:: GIVEN INFORMATION ::

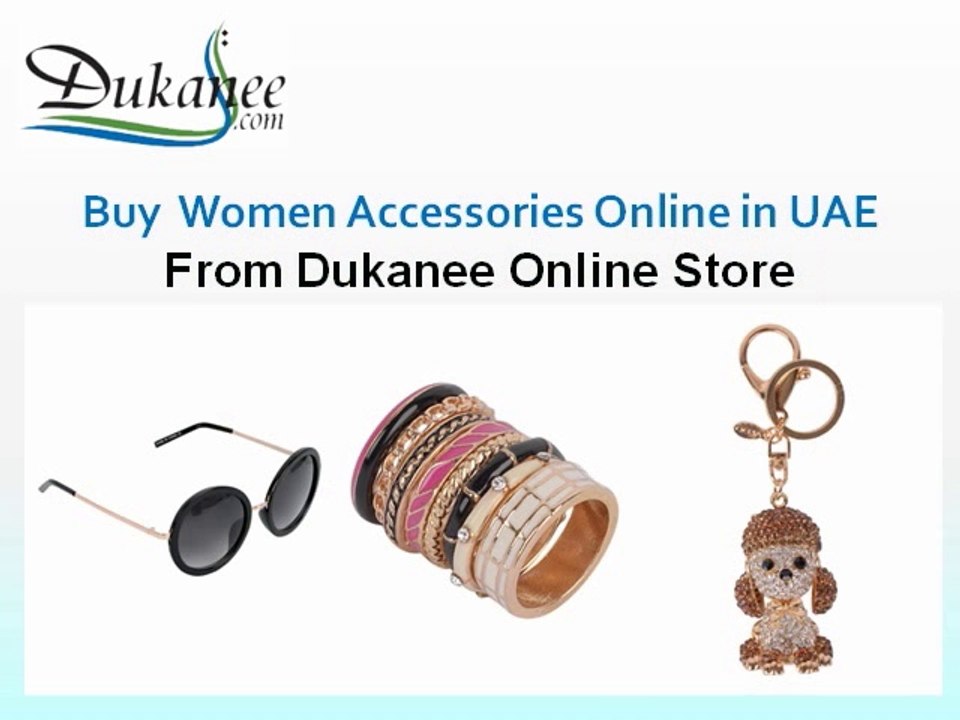 Buy-Womens-Fashionable-Accessories-Online-UAE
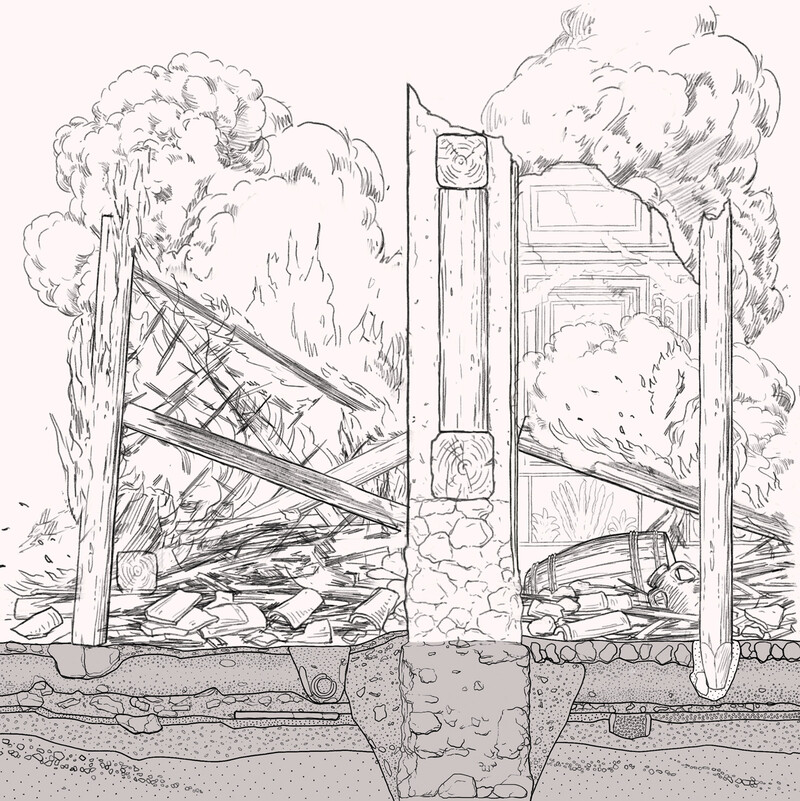 oculus-illustration-musee-romain-epochenbilder-stratigraphie-11-spaetantike-2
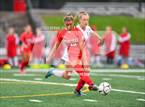 Photo from the gallery "Canandaigua Academy @ Penfield"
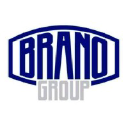 Brano logo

:: ABOUT THIS EXERCISE ::
Give back the data verbatim. The pictures are not part of the copy.

:: RESULT ::
 Buy-Womens-Fashionable-Accessories-Online-UAE
 oculus-illustration-musee-romain-epochenbilder-stratigraphie-11-spaetantike-2
 Photo from the gallery "Canandaigua Academy @ Penfield"
 Brano logo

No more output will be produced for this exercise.